Residual also very helpfully gives you a field teleporter. I recommend setting one up by your ship, and always keeping the other in your inventory unless you’re using it, as you can teleport instantaneously between them. Your ship can be thought of as your home base – you can recover some energy and all of your HP by sleeping, and you can use your computer to craft items that will help you gather more resources.
Finally, you can change some of the in-game settings to make the game more or less difficult as you please. These options include forcing 24 hour days, automatically picking up your teleporter so that you don’t forget it and have to potentially back track a fair distance, and activate permadeath. That last one in particular is sure to spike the difficulty if you’re finding your planet too easy, as normally when you run out of health, you’ll pass out and wake up back in your ship’s bed.
Awesome Visuals, Meh Audio
Residual is a visually appealing game. Quite literally everything is done in pixel art, and if you’ve read any of my previous reviews, you’ll know I’m a sucker for it just about every time. Well, so long as it’s done well. And the pixel art is definitely done well in this game. From your character’s little sprite to the fish, to the berries, to the strange monuments and artifacts you stumble across, the game is just a visual delight. Unfortunately, as great as the visuals are, the sound isn’t done nearly as well. Pretty much the only sounds I heard for both of my playthroughs were my robot buddy, a very unappealing squelching sound from some kind of creature (and it just never seemed to end, ever), and the sound of waterfalls. There didn’t even seem to be that many ambient sounds, which I think would have helped.
Thousands of Planets to Try Out
Residual is a fun, unique, interesting experience, with only a couple of flaws. Controls aren’t as tight as they could be, for one. You use X to jump and to grab ledges to scramble up, which is perfectly fine, but for some inexplicable reason, you have to use the A button to grab vines and release them. You wouldn’t think it would be a big deal, but using a different button to jump off the vine after you’ve gotten so used to using X to jump just really messes with your muscle memory. I think it could be helpful to have a bit more tutorial to start the game, but honestly, if you stick with it, you will eventually figure everything out. And finally, my last complaint is just the lack of a meaningful soundtrack or variety of ambient sounds.

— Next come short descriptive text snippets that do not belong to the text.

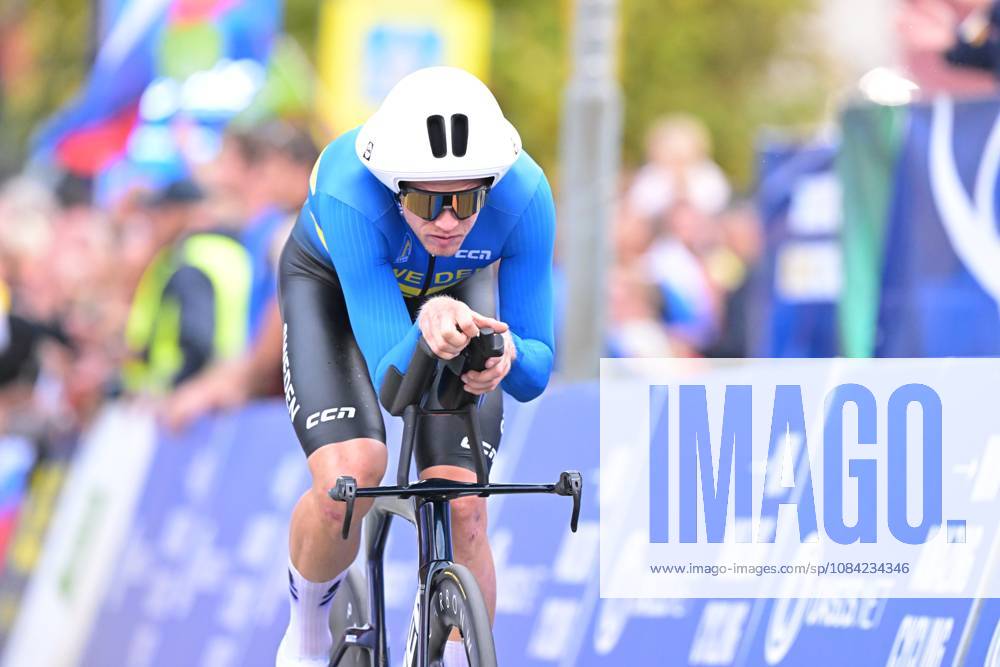 Sweden s Jakob Soderqvist crosses the finish line of the Men Elite Individual Time Trial race (22km) at the cycling UEC Road European Championships, in Ljubljana, Slovenia, on Wednesday 7 October 2026. The UEC Road European Championships are taking place from 02 to 07 October in Ljubljana, Slovenia. DAVIDxPINTENS x189071201x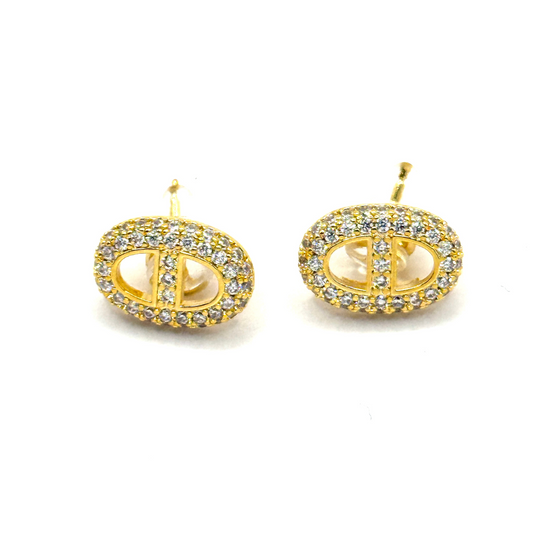 Oval 18K Gold Plated Sterling Silver Post Earrings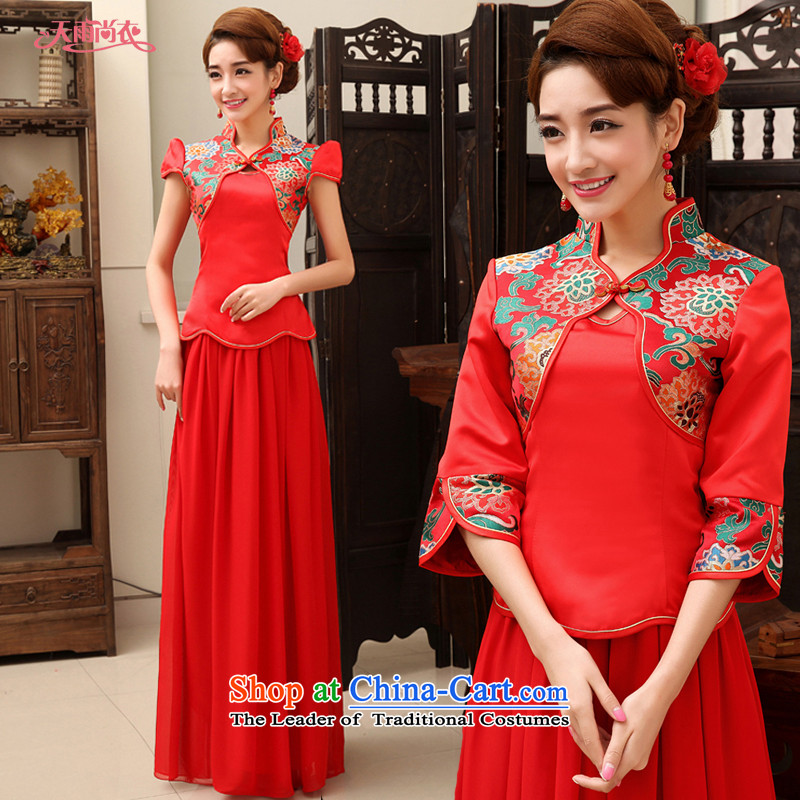 Rain in spring 2015, the bride still yi wedding dress stylish and elegant short-sleeved red bows serving a seven-sleeved cheongsam dress kit QP469 Red 7 L, rain-sang-sleeved clothing shopping on the Internet has been pressed.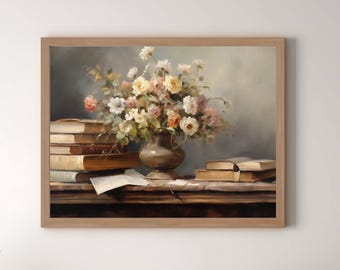 Printable Vintage Library Book Art, French Country Décor, Cottage Core, Dark Academia Decor Wildflower Print Floral Wall Art Flower Art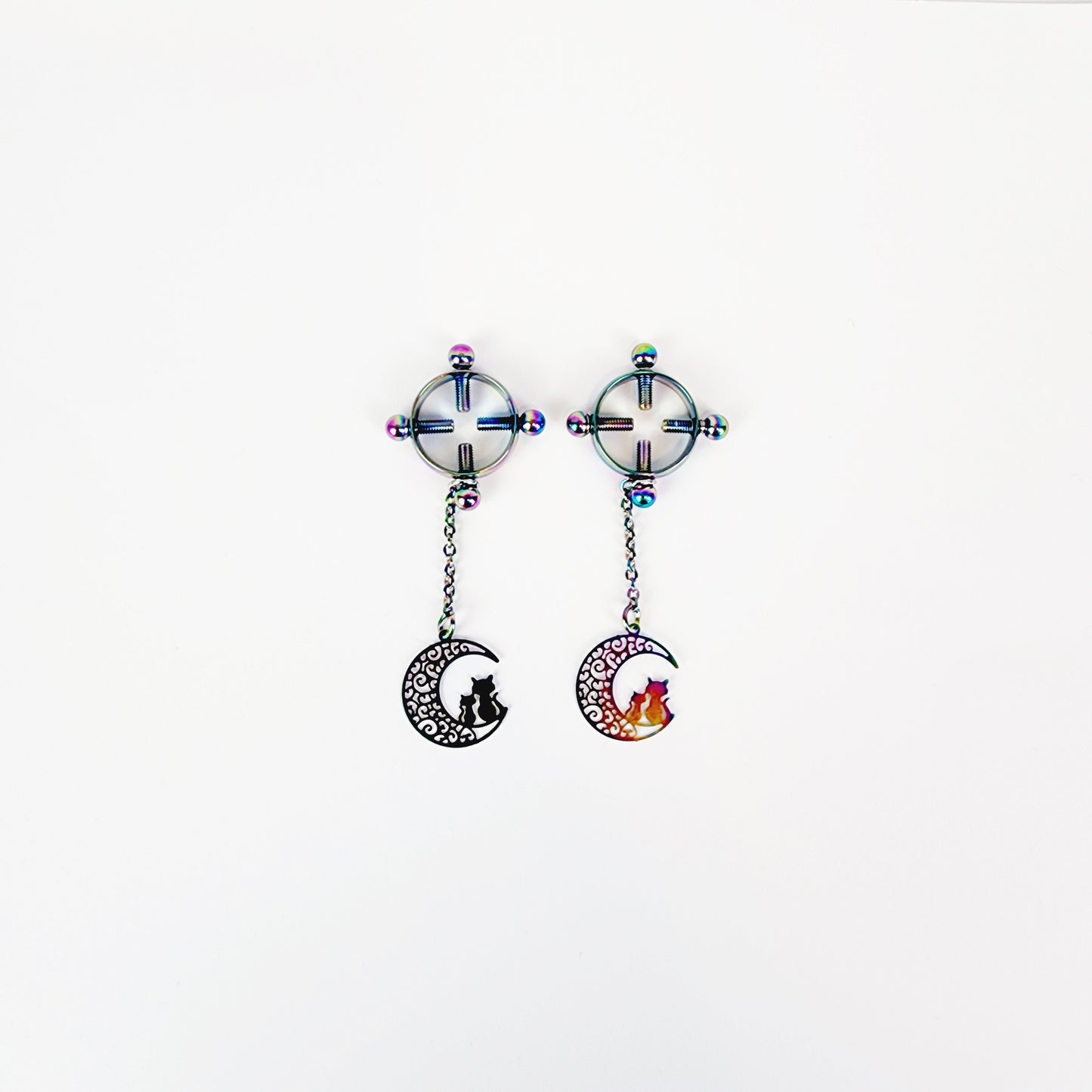 Circle Nipple Clamps, Rainbow Stainless Steel with Cats on Moon Pendants. Non Piercing Nipple, BDSM Nipple Clamps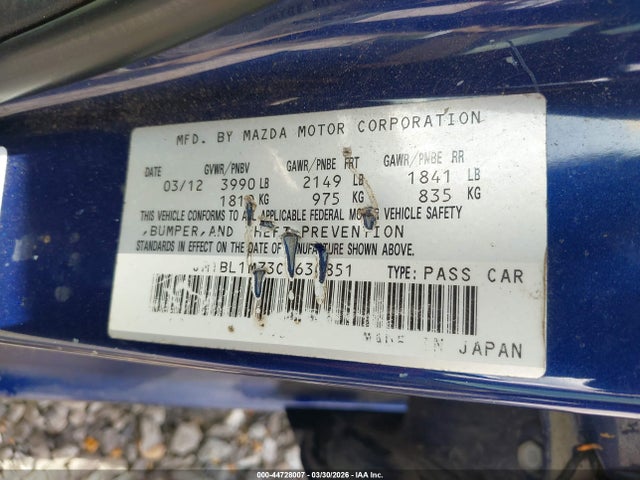 44728007 :رقم المزاد ، JM1BL1M73C1630851 vin ، 2012 Mazda Mazda3 I Grand Touring مزاد بيع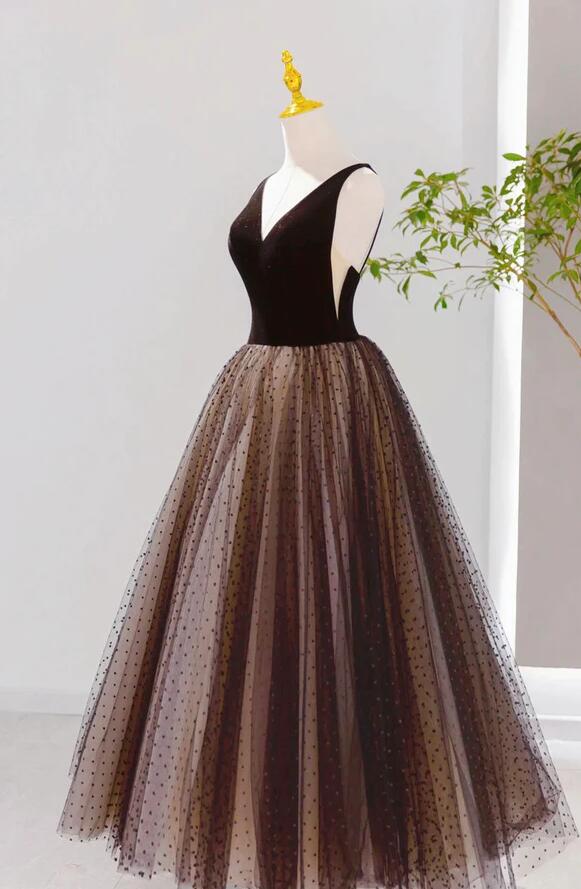 A Line Black V Neck Sequins Prom Dress LBQ1001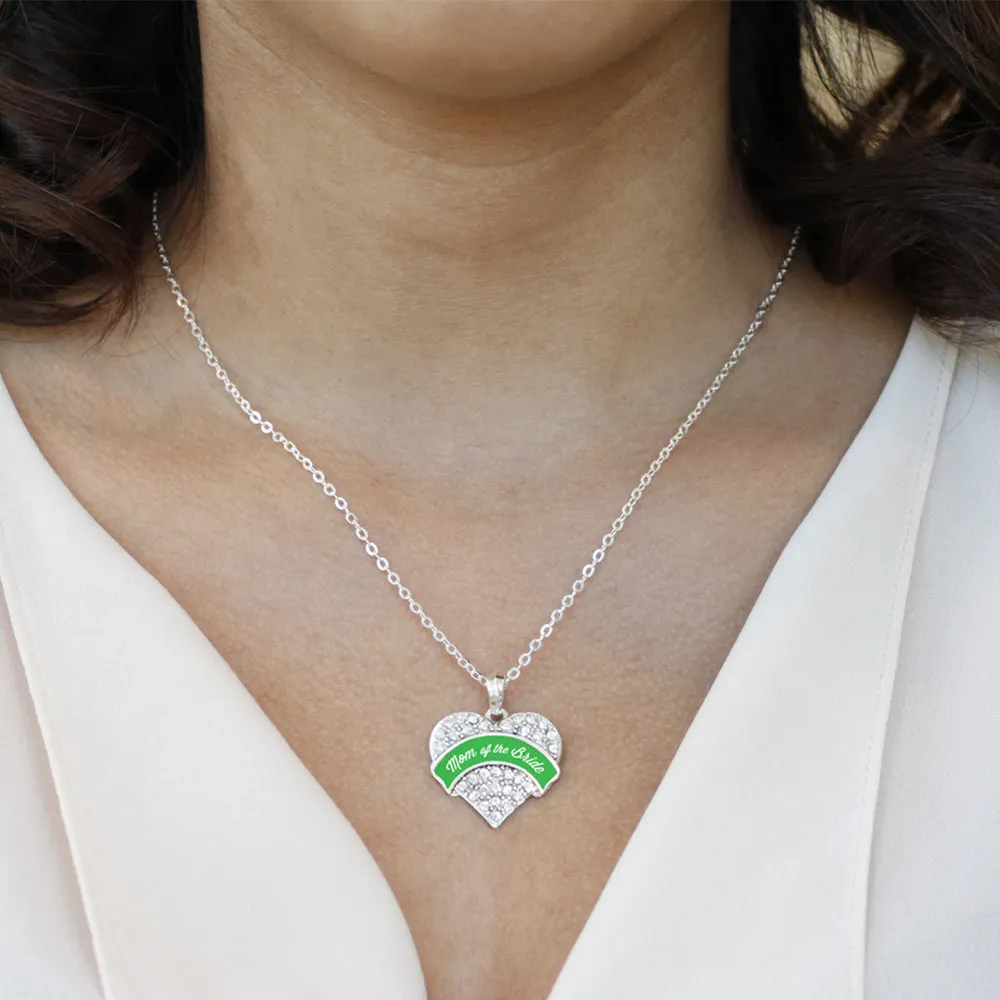 Silver Emerald Green Mom of the Bride Pave Heart Charm Classic Necklace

Still, even with a small handful of flaws, this is a solid game. Residual has awesome pixel art, a unique premise, addicting gameplay, and the promise of unique playthroughs every time you start a new game. While it’s not a perfect game, my complaints are fairly minor all things considered. I’d definitely recommend this game to anybody looking for a unique survival/platformer mashup.
Final Verdict: 4/5
Available on: Nintendo Switch (reviewed), PC, PlayStation 4; Publisher: Apogee Entertainment; Developer: Orangepixel; Players: 1; Released: September 9, 2021; ESRB: E for Everyone; MSRP: $19.99
Editor’s note: The publisher provided a review copy to Hey Poor Player.